— About this task —
An exact copy is needed of the lines from the line holding "國小夯哥必備!打掃挖出「石頭寶盒」 網笑:最後都是慘案" through the final line of the listing below, both included.

— Given information —
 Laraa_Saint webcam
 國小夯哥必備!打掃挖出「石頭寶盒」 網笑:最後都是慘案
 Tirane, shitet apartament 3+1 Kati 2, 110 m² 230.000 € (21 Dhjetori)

— Answer space —
 國小夯哥必備!打掃挖出「石頭寶盒」 網笑:最後都是慘案
 Tirane, shitet apartament 3+1 Kati 2, 110 m² 230.000 € (21 Dhjetori)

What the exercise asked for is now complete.